Tales from Aruba

Red elephants in Tsavo East National Park. PHOTO | RUPI MANGAT

What you need to know:

  • Besides the birds, herds of elephants, Jackson’s hartebeest, antelopes, warthogs and Maasai giraffes graze in the plains as we check into Ashnil Aruba Lodge at the end of the day.
  • Instead, driving slowly around a bare wind-swept patch of land with a few thorn bushes, we chance upon a lioness with seven cubs of mixed ages. The cubs are bundles of energy, playing with the mother and clambering over each other.
  • The lions of Tsavo are steeped in history. A pair dubbed the man-eaters of Tsavo devoured more than a 100 Indian railway workers including several Africans and Europeans working on the first modern infrastructure in Eastern Africa – the Uganda Railway – at the close of the 19th century. 

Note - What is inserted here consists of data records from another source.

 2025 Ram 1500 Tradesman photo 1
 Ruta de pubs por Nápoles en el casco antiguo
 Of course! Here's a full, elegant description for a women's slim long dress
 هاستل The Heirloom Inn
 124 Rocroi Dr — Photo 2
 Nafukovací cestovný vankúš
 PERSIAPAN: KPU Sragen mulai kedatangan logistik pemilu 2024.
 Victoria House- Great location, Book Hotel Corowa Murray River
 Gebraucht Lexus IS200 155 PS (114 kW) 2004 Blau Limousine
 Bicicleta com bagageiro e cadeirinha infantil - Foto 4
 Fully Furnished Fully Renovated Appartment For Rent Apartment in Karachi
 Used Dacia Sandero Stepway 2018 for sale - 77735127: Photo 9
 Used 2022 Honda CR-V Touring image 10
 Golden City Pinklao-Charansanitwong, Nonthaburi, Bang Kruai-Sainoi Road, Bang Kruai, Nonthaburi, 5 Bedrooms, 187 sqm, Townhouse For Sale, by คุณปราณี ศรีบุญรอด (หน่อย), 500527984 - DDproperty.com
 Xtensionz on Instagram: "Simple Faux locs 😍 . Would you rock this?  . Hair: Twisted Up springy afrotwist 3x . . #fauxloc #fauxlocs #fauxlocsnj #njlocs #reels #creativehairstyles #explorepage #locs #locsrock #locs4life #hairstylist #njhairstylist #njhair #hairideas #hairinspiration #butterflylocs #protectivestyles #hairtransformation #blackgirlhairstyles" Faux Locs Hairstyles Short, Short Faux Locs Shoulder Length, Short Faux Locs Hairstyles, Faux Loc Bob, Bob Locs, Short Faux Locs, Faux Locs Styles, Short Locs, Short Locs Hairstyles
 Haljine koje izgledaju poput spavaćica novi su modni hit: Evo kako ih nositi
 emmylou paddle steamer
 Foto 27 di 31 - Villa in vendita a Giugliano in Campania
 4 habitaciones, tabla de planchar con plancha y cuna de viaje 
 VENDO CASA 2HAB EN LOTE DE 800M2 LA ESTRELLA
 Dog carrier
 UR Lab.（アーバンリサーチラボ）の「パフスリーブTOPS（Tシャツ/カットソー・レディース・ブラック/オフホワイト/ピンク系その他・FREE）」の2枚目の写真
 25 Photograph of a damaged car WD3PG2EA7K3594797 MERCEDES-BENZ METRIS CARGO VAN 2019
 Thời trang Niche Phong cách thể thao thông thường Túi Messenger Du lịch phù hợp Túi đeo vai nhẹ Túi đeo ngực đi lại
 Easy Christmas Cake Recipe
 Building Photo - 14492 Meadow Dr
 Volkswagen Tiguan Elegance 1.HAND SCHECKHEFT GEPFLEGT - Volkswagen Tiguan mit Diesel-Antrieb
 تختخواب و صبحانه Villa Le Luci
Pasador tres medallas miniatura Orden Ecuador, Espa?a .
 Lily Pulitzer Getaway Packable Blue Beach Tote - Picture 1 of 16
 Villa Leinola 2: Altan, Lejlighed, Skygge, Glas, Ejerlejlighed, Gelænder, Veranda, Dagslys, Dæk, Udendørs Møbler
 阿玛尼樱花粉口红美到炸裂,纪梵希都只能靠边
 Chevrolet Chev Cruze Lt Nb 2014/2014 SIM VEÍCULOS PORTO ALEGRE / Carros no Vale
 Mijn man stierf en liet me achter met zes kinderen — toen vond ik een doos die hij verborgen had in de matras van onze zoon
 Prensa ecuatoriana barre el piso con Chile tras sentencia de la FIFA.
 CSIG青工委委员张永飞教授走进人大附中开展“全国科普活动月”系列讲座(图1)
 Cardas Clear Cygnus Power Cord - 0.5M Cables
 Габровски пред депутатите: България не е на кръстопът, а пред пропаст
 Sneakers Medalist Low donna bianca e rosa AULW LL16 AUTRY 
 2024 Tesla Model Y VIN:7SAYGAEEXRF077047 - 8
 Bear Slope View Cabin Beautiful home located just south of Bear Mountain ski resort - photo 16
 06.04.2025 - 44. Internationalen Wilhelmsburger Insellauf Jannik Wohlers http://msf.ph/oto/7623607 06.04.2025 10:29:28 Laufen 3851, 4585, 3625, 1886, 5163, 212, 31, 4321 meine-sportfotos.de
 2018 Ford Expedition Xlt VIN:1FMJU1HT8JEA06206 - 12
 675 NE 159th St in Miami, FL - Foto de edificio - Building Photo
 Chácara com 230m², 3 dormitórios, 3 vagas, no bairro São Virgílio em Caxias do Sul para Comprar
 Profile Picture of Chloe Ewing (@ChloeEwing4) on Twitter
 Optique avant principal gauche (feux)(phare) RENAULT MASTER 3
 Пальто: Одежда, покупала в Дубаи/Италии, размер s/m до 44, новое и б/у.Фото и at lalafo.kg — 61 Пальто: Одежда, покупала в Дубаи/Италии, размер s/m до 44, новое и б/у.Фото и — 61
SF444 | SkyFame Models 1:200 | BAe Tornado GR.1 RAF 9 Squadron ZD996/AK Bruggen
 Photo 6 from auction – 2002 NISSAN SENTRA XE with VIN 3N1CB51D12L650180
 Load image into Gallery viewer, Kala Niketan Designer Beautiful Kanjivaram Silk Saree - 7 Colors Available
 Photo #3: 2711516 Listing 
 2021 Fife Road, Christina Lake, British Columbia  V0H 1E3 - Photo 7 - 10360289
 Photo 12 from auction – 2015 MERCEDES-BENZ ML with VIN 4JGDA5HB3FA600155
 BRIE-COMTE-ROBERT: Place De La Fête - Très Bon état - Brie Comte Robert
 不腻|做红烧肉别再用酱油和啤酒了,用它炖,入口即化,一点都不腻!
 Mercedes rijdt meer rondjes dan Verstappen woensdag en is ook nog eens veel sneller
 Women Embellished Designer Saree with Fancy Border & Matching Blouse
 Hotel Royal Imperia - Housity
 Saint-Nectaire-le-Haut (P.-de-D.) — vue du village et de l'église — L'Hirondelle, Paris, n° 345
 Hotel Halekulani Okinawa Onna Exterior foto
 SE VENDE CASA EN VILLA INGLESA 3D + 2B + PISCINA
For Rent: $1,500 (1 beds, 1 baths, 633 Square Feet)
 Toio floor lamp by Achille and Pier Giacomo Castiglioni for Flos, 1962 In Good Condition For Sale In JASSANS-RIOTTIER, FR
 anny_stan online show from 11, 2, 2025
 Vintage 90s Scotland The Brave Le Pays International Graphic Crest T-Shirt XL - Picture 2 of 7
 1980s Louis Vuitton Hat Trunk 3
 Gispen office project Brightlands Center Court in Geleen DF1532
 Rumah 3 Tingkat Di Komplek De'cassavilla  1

As we wander through the great plains of Tsavo, Steppe eagles from Russia soar in the great blue skies that are filled with other mighty raptors such as the bateleur eagles, white-backed vultures and lappet-faced vultures. They complete a list of the over 100 species of birds we’ve spotted in just four days.

Besides the birds, herds of elephants, Jackson’s hartebeest, antelopes, warthogs and Maasai giraffes graze in the plains as we check into Ashnil Aruba Lodge at the end of the day. Formerly known as Aruba Self-help Lodge, it was built in the 1960s by the banks of Aruba Dam when the legendary David Sheldrick was the (first) game warden of Tsavo East. The dam was built to relieve pressure on the Galana and Tsavo rivers during Tsavo’s very long dry seasons – the drought of the 1970s wiped out 10, 000 elephants in the park.

In the morning, we spot an antelope through powerful binoculars on our early morning bird walk. Seeing him dash across the lawn can only mean one thing – it has to be the hirola antelope.

Also known as the Hunter’s hartebeest and found in the arid lands of northern Kenya and Somalia, the hirola antelope is critically endangered with just between 300 to 500 left in the wild. There used to be about 15, 000 of them in the 1970s, but their numbers were reduced by hunting. In 1963 and 1996, some were brought into Tsavo East and today the number is about 77. It is exciting to spot this endangered antelope for the first time.

STEEPED IN HISTORY

It has all the marks of a hirola – white rump and back-swept horns, though this one has one horn. The watchman informs us that the antelope lost his other horn in battle with another hirola and has been banished from the herd. Despite the assurance that we would see more hirolas on the Aruba circuit, the incredibly shy herd remains elusive.

Instead, driving slowly around a bare wind-swept patch of land with a few thorn bushes, we chance upon a lioness with seven cubs of mixed ages. The cubs are bundles of energy, playing with the mother and clambering over each other. Driving back to the lodge, we see four more lions playfully chasing each other in the eventide, raising a hail of dust.

The lions of Tsavo are steeped in history. A pair dubbed the man-eaters of Tsavo devoured more than a 100 Indian railway workers including several Africans and Europeans working on the first modern infrastructure in Eastern Africa – the Uganda Railway – at the close of the 19th century. 

The night passes with few animals at the water pool in the silted dam and a red hot sun rises through an opening in a carpet of grey cloud. Armed with a picnic lunch from the lodge, we take the road to the high and hot 1.5-kilometre long breath-taking Mudanda Rock.

Walking to the farthest point of the rock past water pools, flowers in bloom and the emerging peaks of the Taita Hills, a thin strip follows the main road. It is the standard gauge railway on steep embankments blocking what until now was a free crossing for elephants and other game migrating to Tsavo West National Park.

The elephants now have to cross through the 70-metre-wide and five-metre-high underpasses between the two Tsavo parks, which together form the largest protected elephant park.